QBL’s re-entry to the ASX may be back on track, after the Federal Court said 123 separate share issues over six years weren’t invalid.

The company (ASX:QBL) has had to push back its return to market as ‘Cann Global’ three times, to December 7, after revealing that millions of shares issued between July 2013 and May 2018 needed court approval for secondary trading.

The Corporations Act allows small scale shares to be issued without disclosure, such as through a prospectus, but if the person who receives the shares wants to sell within 12 months a disclosure must be made.

It’s to avoid situations such as where a placement is made to a professional investor without disclosure and that stock is quickly offloaded into the market to retail investors who didn’t know new stock had been issued, according to law firm Steinepreis Paganin.

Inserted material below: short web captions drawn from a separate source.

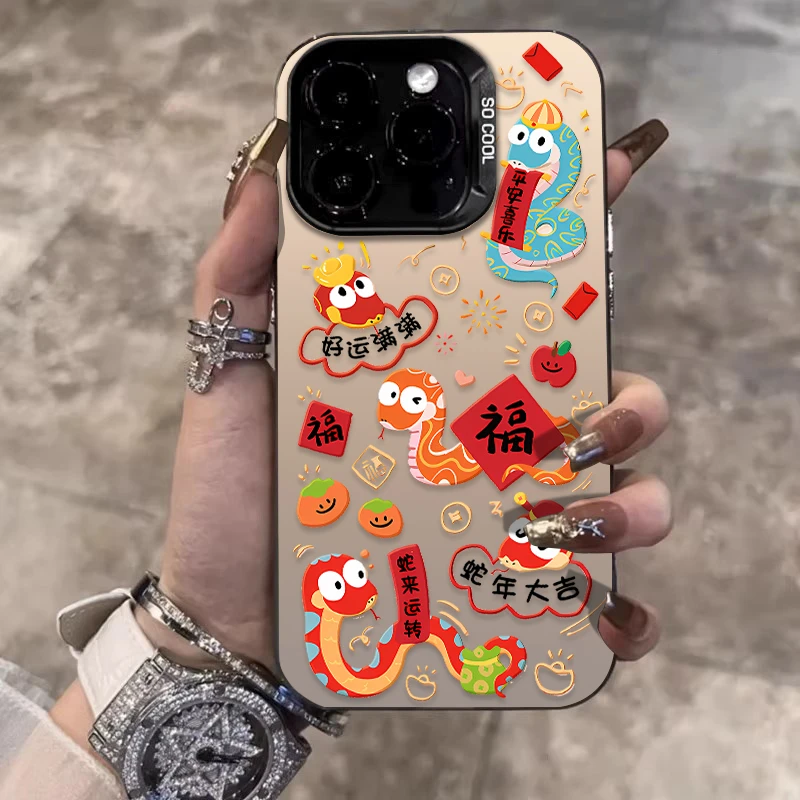 新年蛇年大吉适用苹果16promax手机壳iPhone15创意14保护套卡通17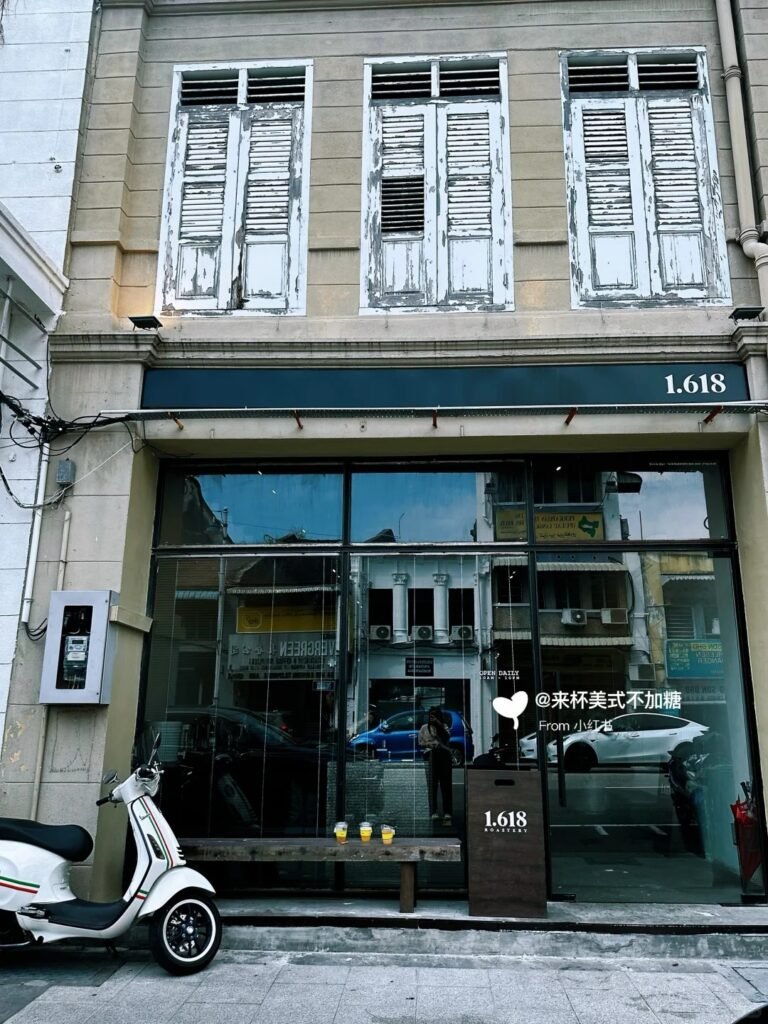 1.618 Roastery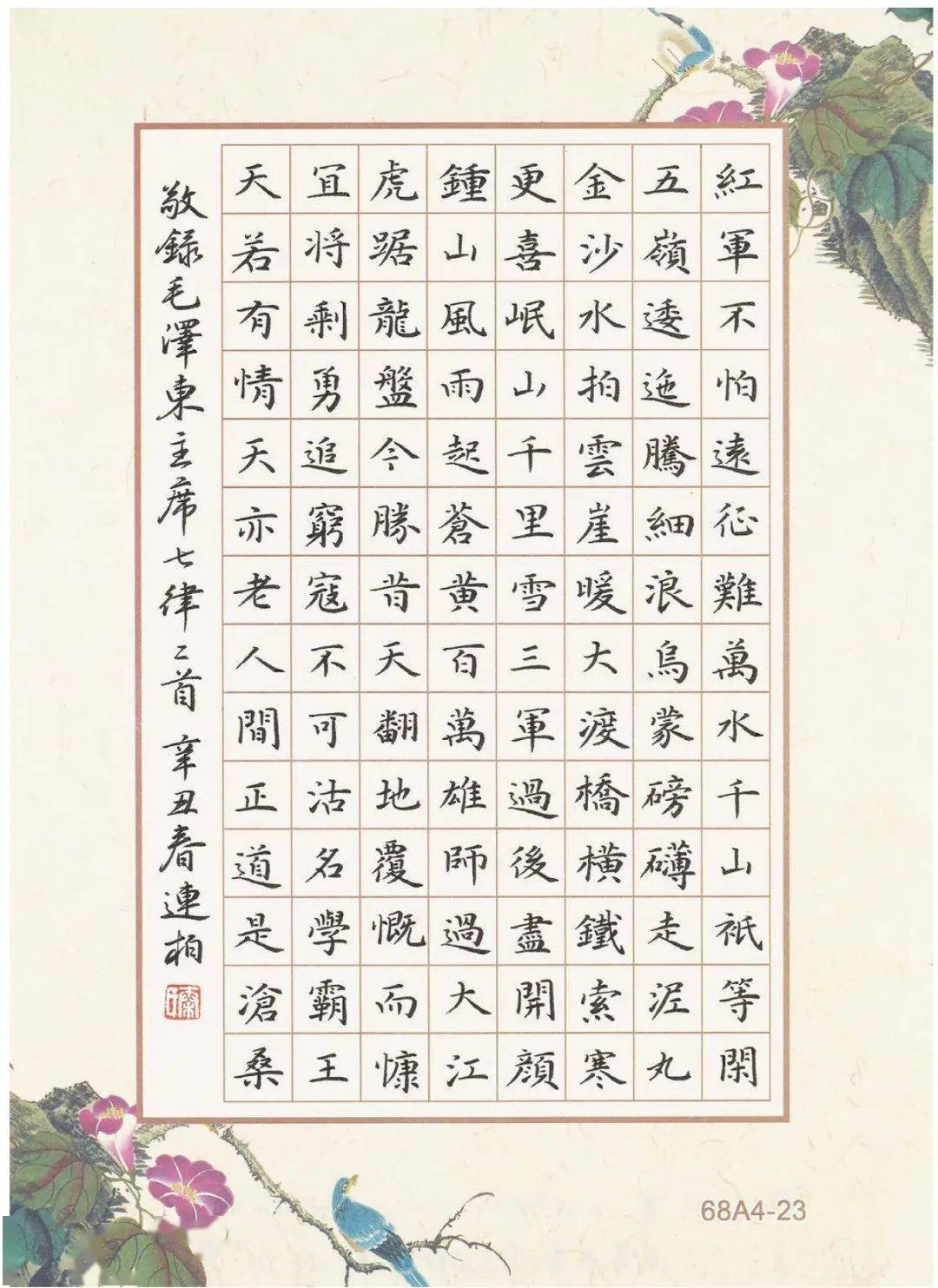 优秀作品欣赏七彩语文杯江苏省第三届中小学教师正书书法比赛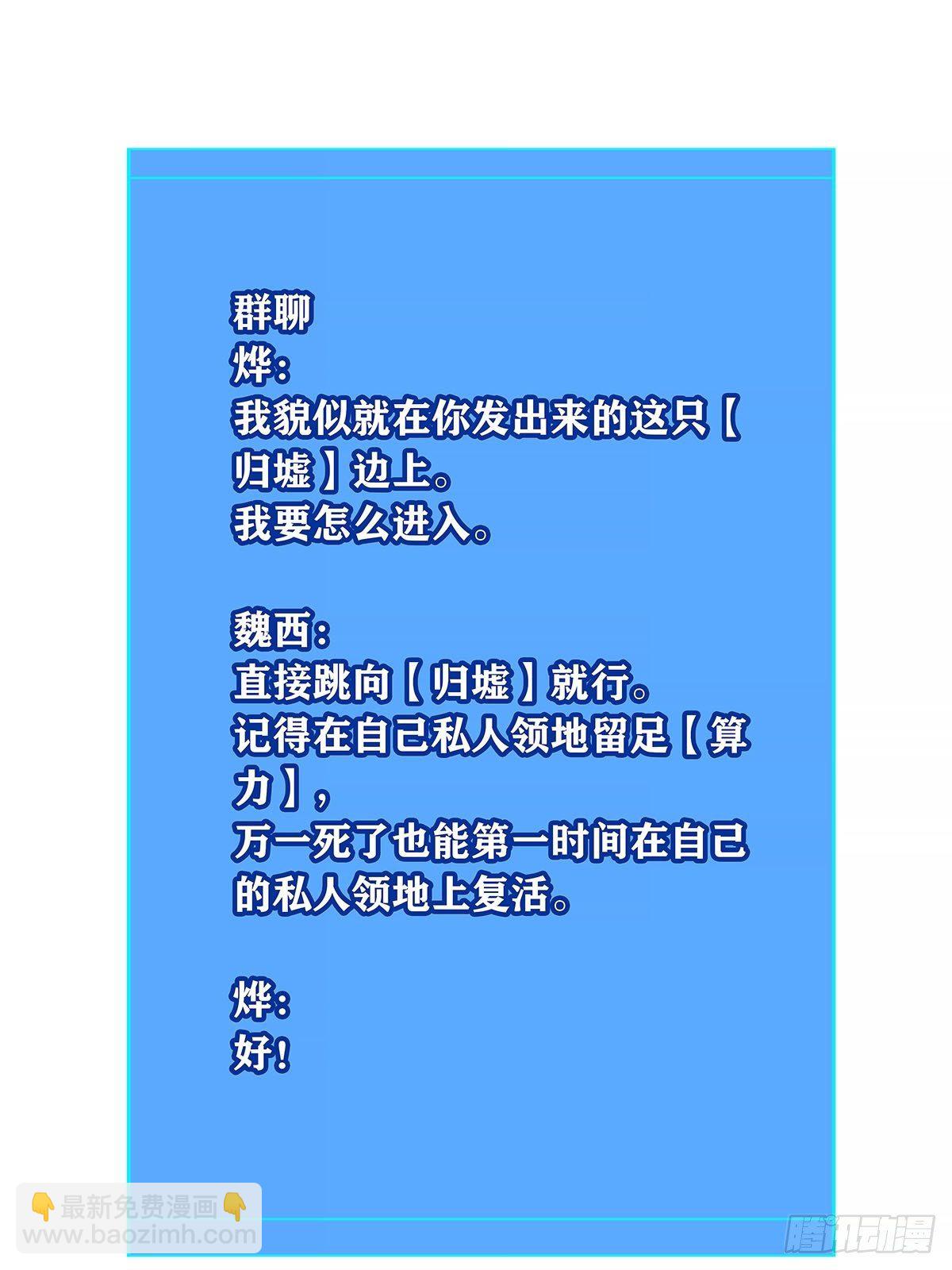 青墓(1/2)-第74话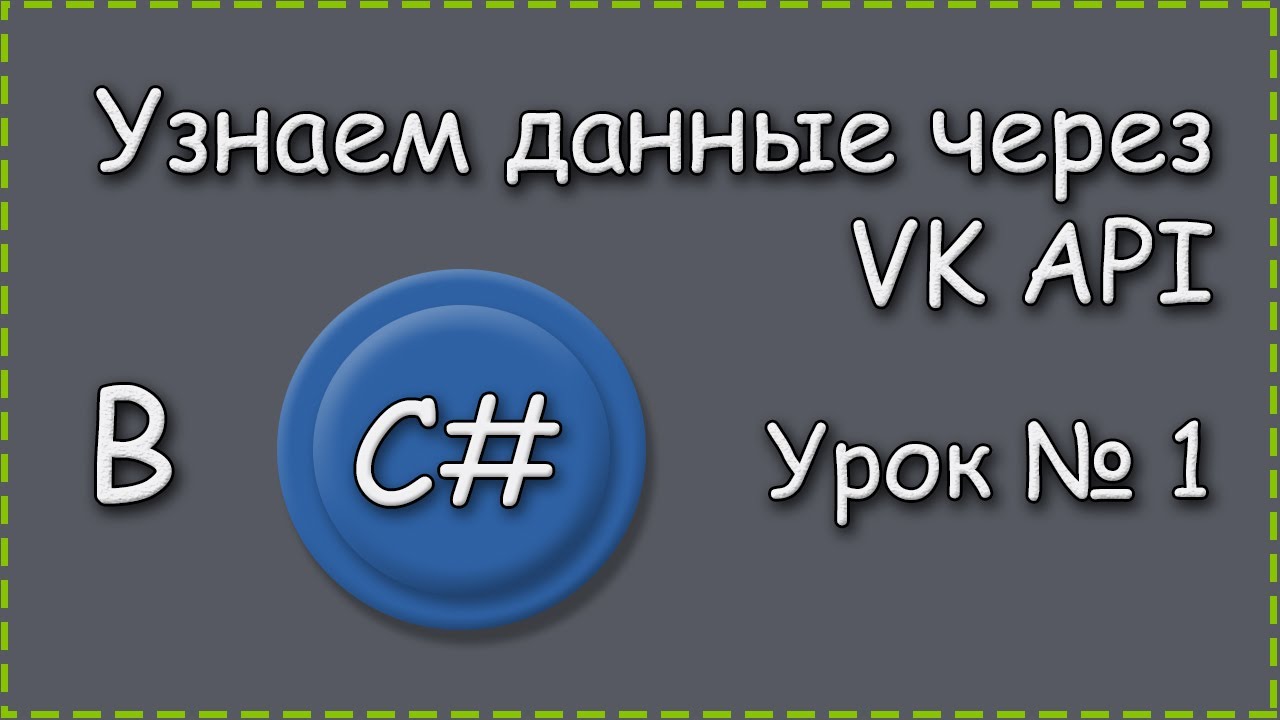 Урок 1. C#| Работаем через VK Api узнаем параметры | Создание формы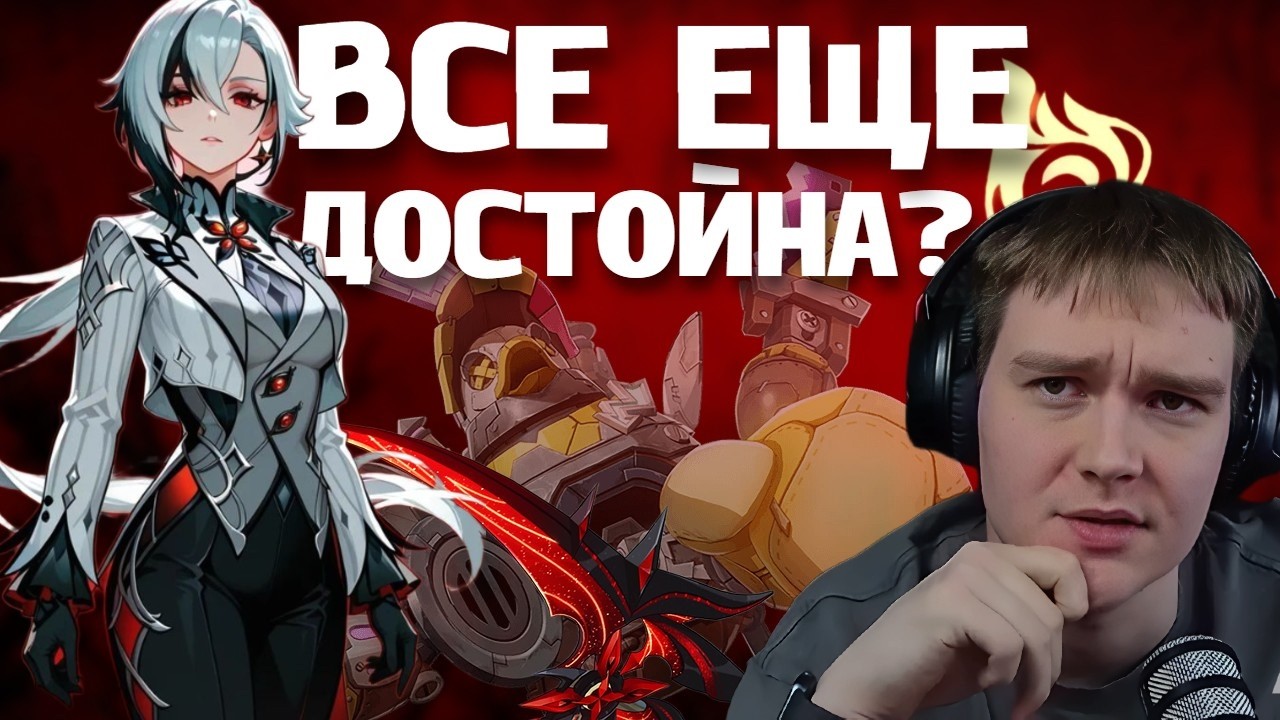 АРЛЕКИНО УЖЕ НЕ ТЯНЕТ? Мирон закрыл 5 натиск, где она была драйвером, а Флинс — против мандрагоры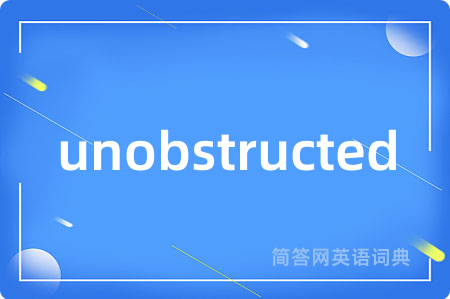 unobstructed是什么意思,unobstructed的中文翻译 unobstructed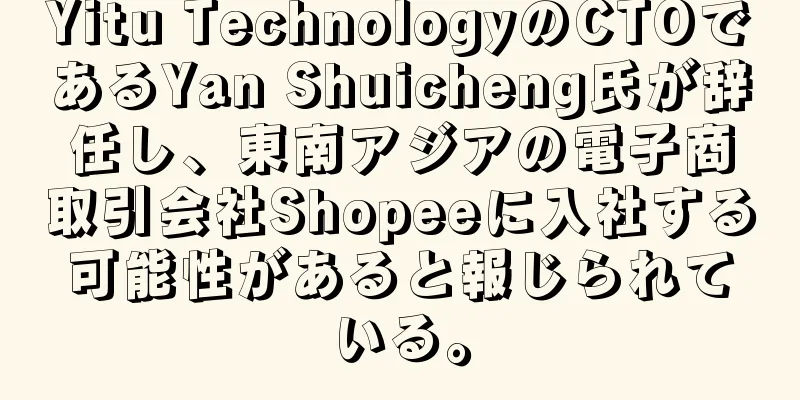 Yitu TechnologyのCTOであるYan Shuicheng氏が辞任し、東南アジアの電子商取引会社Shopeeに入社する可能性があると報じられている。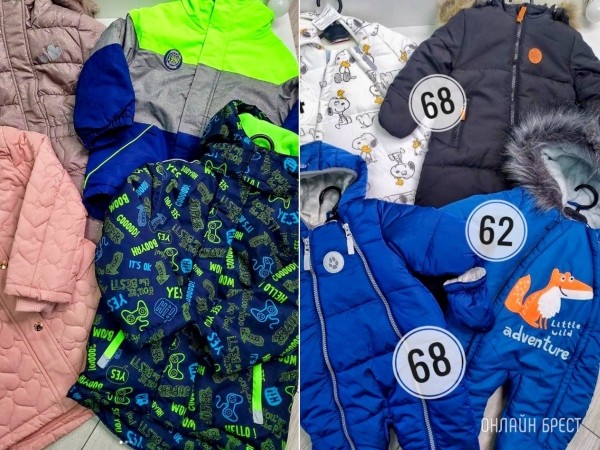 За покупками в магазин избирательного вкуса! «МИКСШОП» – брендовая женская и детская одежда За покупками в магазин избирательного вкуса! «МИКСШОП» – брендовая женская и детская одежда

Not making those declarations — or ‘cleansing’ the shares of any restrictions — can mean suspension from the ASX potentially for long periods of time.

The Federal Court in Western Australia issued an order that trading in those shares were not invalid just because the sellers had failed to issue disclosure notices as per the Corporations Act.

It also issued an order cleansing securities that were issued or sold without disclosure notices, so they can be freely tradeable.

The company has been suspended from trading since July 30 while it seeks to recomply with ASX rules, as it switches from bauxite explorer to cannabis company.